Physiquement, son corps n’était pas, tant s’en faut, celui d’un top-modèle. Elle mesurait moins d’un mètre soixante et, même si elle faisait très attention quant à son alimentation, son allure générale révélait malgré tout plusieurs kilos en trop. Ce n’est pas que sa carrure ressemblait à celle d’un déménageur – ce genre de remarque ne me serait jamais venu à l’esprit, moi qui appréciais le bel équilibre entre le cou, le haut du dos et les épaules de ma femme. Non, c’est plutôt que le squelette de Françoise était tout simplement solidement bâti. Ses cuisses étaient relativement fortes, ses mollets bien en chair, mais ce qui fait mon plaisir, ce sont ses hanches et ses chevilles. J’aimais souvent me réjouir de l’absence totale, chez elle, de ce qu’on appelle communément une culotte de cheval, une expression que, soit dit en passant, je n’appréciais pas du tout. Elle induisait une notion trop péjorative, voire directement animale. Je n’ai pas peur de le dire ainsi, je me réjouissais de regarder le cul de Françoise, qu’il soit habillé ou non. Loin de moi l’idée d’y plonger mon sexe à tout moment, en toute occasion, pour le plaisir primaire de le posséder. La domination pour la domination n’a jamais été mon truc et ne le deviendra jamais.

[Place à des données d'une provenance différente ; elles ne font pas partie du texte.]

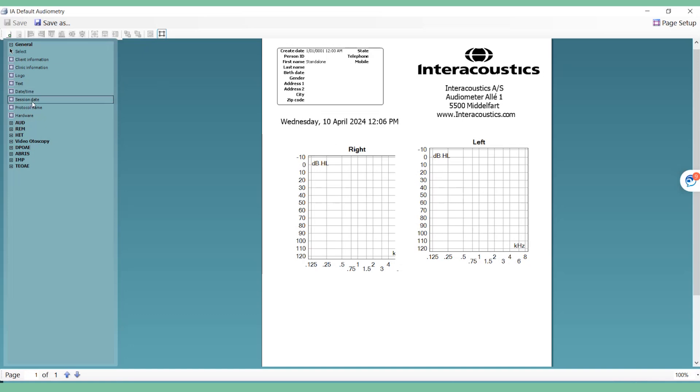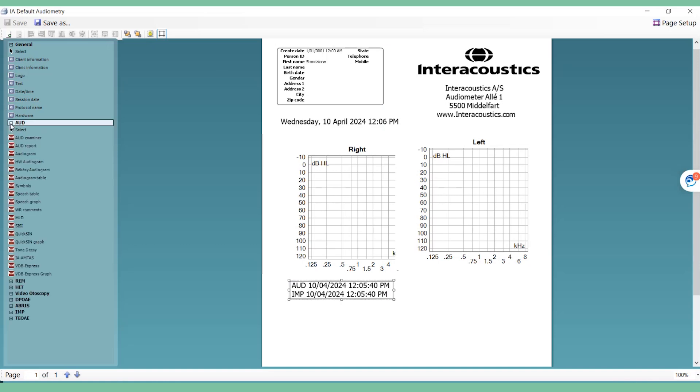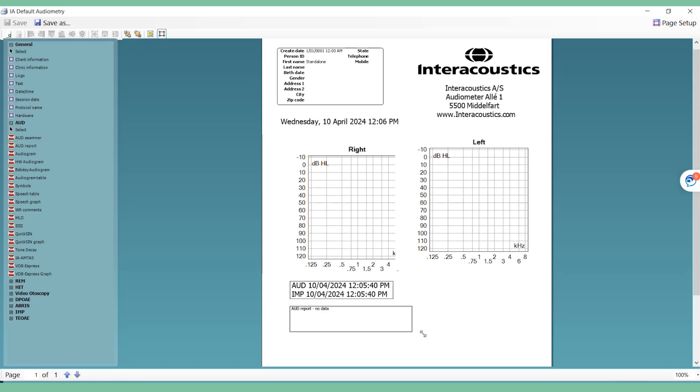The most common general items are Session Date, which provides the date in which the test was conducted, and Logo, which allows you to import your company logo image. If you are creating an audiometry report, most users also select Odd Report. This allows you to create comments in the odd testing screen and have them print out on the report.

Comme mon esprit revint à l’instant présent, je scrutai maintenant le moindre détail de sa peau, les plus petits de ses grains. Le creux au-dessus de ses hanches dessinait une douce vague et le piètre nageur que j’étais ne demandait qu‘à y perdre. Nous restions silencieux, ce qui n’empêchait pas des mots de venir dans ma bouche, des mots qui se fracassaient contre mon palais. Il m’était impossible de contenir leur flot et je cherchais à calmer cet emballement en triant le tout, pour arriver à mettre la main sur les mots justes. Maîtriser mes émotions, telle fut ma préoccupation essentielle pendant plusieurs minutes. Jusqu’au moment où je posai finalement ma main dans le creux de ses reins. Je ne fus pas surpris d’y trouver le si doux duvet que je trouvais toujours aussi réconfortant. Françoise ne disait toujours rien, peut-être souhaitait-elle contribuer ainsi à ce que je profite au mieux de mon sentiment de plénitude.
Le bout de mes doigts faisait des zigzags sur sa peau, allant et venant, des épaules au cou, s’incrustant même, tel un peigne, dans ses cheveux courts. Pendant quelques secondes, j’interrompis ce ballet sensuel et je posai la paume de ma main sur sa chevelure épaisse. Je ne tardai pas à prendre un malin plaisir à mettre celle-ci en désordre, n’ignorant pas un seul instant que Françoise en connaissait la signification. Maintes fois, je lui avais dit que ses cheveux courts en pagaille découvrant encore un peu plus sa jolie nuque renforçaient mon envie de lui faire l’amour.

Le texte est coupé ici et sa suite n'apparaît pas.